Revolutionary Writings and Politics
Warren formed a strong circle of friends with whom she regularly corresponded, including Abigail Adams, Martha Washington and Hannah Winthrop, wife to John Winthrop. In a letter to Catherine Macaulay she wrote: "America stands armed with resolution and virtue; but she still recoils at the idea of drawing the sword against the nation from whence she derived her origin. Yet Britain, like an unnatural parent, is ready to plunge her dagger into the bosom of her affectionate offspring." Through their correspondence they increased the awareness of women's issues, were supportive, and influenced the course of events to further America's cause.
She became a correspondent and adviser to many political leaders, including Samuel Adams, John Hancock, Patrick Henry, Thomas Jefferson, George Washington and especially John Adams, who became her literary mentor in the years leading to the Revolution. In a letter to James Warren, Adams wrote, "Tell your wife that God Almighty has entrusted her with the Powers for the good of the World, which, in the cause of his Providence, he bestows on few of the human race. That instead of being a fault to use them, it would be criminal to neglect them."

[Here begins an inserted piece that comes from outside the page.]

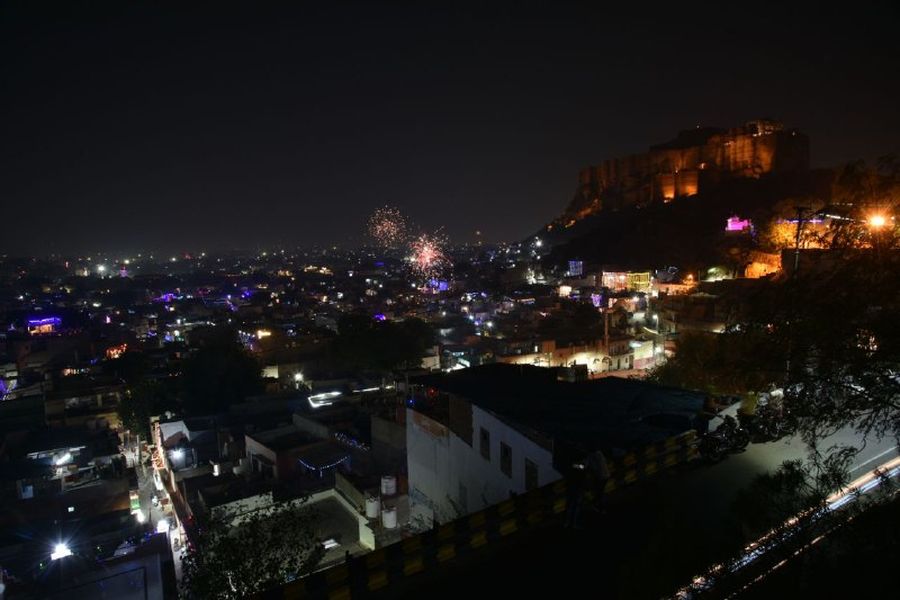 'सुखरात्रि को रोशनी से दमक उठी सूर्यनगरी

Prior to the American Revolution, in 1772, during a political meeting at the Warren's home, they formed the Committees of Correspondence along with Samuel Adams. Warren wrote "no single step contributed so much to cement the union of the colonies". Since Warren knew most of the leaders of the Revolution personally, she was continually at or near the center of events from 1765 to 1789. She combined her vantage point with a talent for writing to become both a poet and a historian of the Revolutionary era. All Mercy Otis Warren’s work was published anonymously until 1790. She wrote several plays, including the satiric The Adulateur (1772). Directed against Governor Thomas Hutchinson of Massachusetts, the play foretold the War of Revolution.

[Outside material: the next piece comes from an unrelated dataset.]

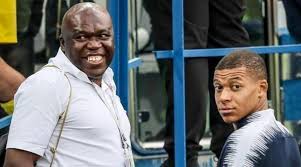 Kylian mbappé lottin 12 ist ein französischer fußballspieler. Kylian Mbappe Freundin Vermogen Grosse Tattoo Herkunft 2021 Taddlr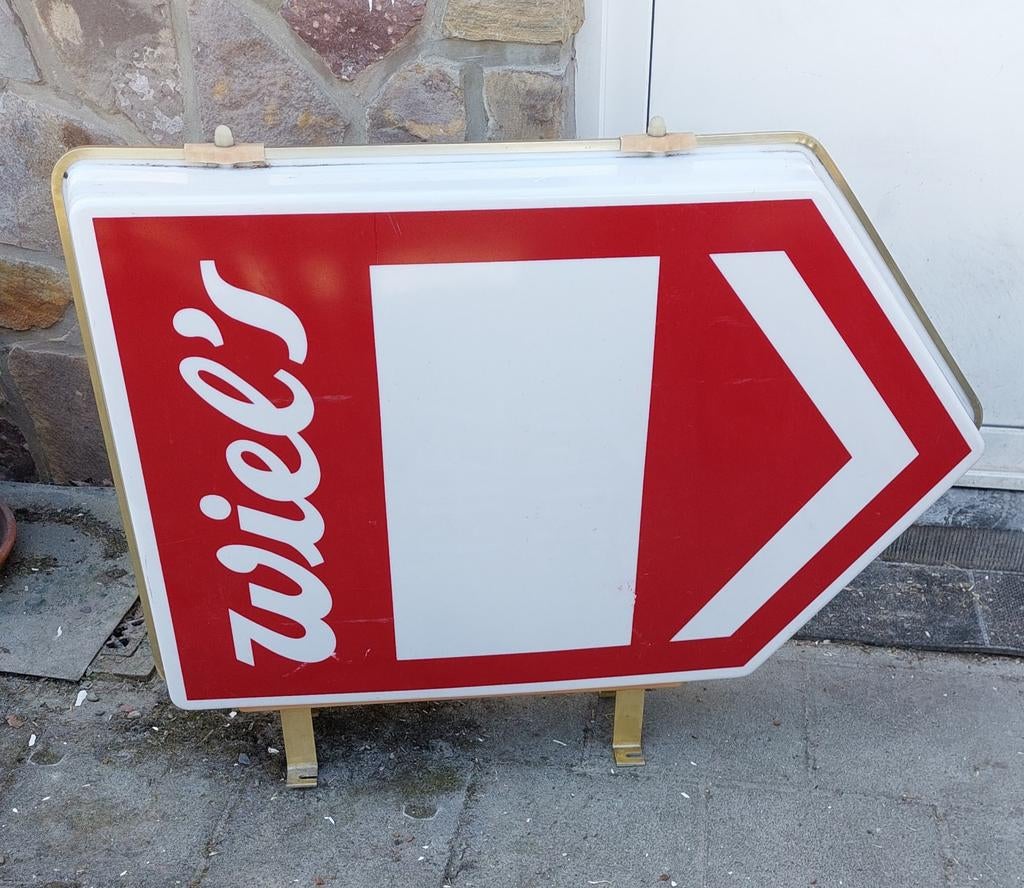 Wiel's beer dubbelzijdig verlicht bord, Ophalen, Gebruikt, Reclamebord, Plaat of Schild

In 1773, she wrote The Defeat, also featuring the character based on Hutchinson, and in 1775 Warren published The Group, a satire conjecturing what would happen if the British king abrogated the Massachusetts charter of rights. The anonymously published The Blockheads (1776) and The Motley Assembly (1779) are also attributed to her. In 1788 she published Observations on the New Constitution, whose ratification she opposed as an Anti-Federalist. Mercy Otis Warren is among the most influential writers of the Revolutionary war.